I just so happen to be one of them. And yet I’m not going to buy one.
The easiest reason behind my lack of picking one up is that I need a keyboard on my iPad. This is a requirement. I used to buy iPads for the stylus support, especially when the Apple Pencil arrived, but it quickly became all too obvious to me that the stylus wasn’t a vital reason for me to own a tablet. An expensive one to boot.
The iPad mini was my favorite iPad when it first launched. The size is fantastic. It’s exceedingly portable, the screen’s great (especially now), and it can get the job done for what it needs to: read books, comics, jot down notes, and consume media. It does all of those things well, and I’m sure that the brand new variant will do all of those things even better.
Especially now that Apple has brand new subscription services, like Apple News+, to consume media.
Before I purchased my iPad Pro, the 11-inch model, I made a deal with myself: I’d be keeping this tablet for three years, and I would use it every day. Not to play games on it, either. (At the time of publication, I don’t have any installed on it at all. That will change when Apple Arcade launches, though.) I wanted the iPad to be an actual productivity tool, something I’ve always seen it as but have never actually followed through with in the past.
If I use the thing every day then I can justify the price (and monthly payments). But it’s always been a sticking point for me in the past, and why, despite always wanting a tablet, I’ve ever really found a need for one. I’m going to change that this time around. This is going to be a daily driver for me, dang it.
I don’t see a lot of tablets out there in the wild. In my random stops at coffee shops and what not, it’s typically always a laptop. Though, I have seen some Microsoft Surface machines once or twice, so those would count as a tablet. That isn’t to say that I’ve never seen an iPad being used in what some might consider its natural habitat. It’s just typically a MacBook of some kind that I see.

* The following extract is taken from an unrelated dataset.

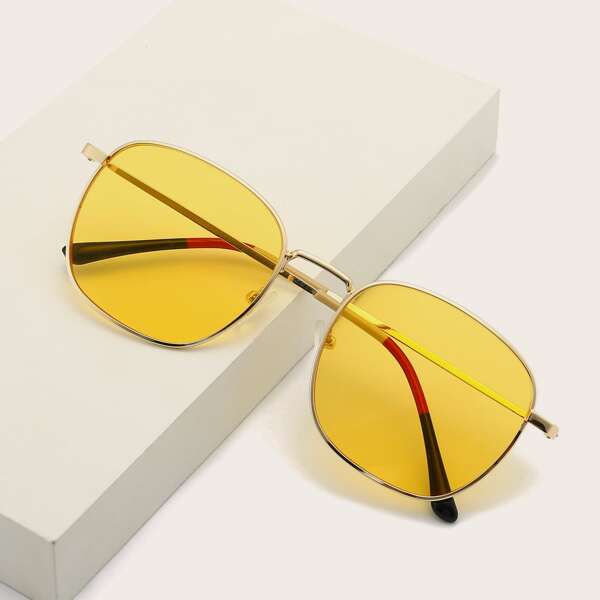 

Square Metal Frame Sunglasses, Yellow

Maybe if I start bringing my tablet with me more often, I’ll start seeing more of them in the wild, too. But, before that happens, I’m curious: Do you use your tablet every single day? And, if so, what are you typically using it for? Getting some work done in some capacity, or is it mainly a content consumption device? Or are you on the other side of the coin, where your tablet goes mostly unused? Let me know!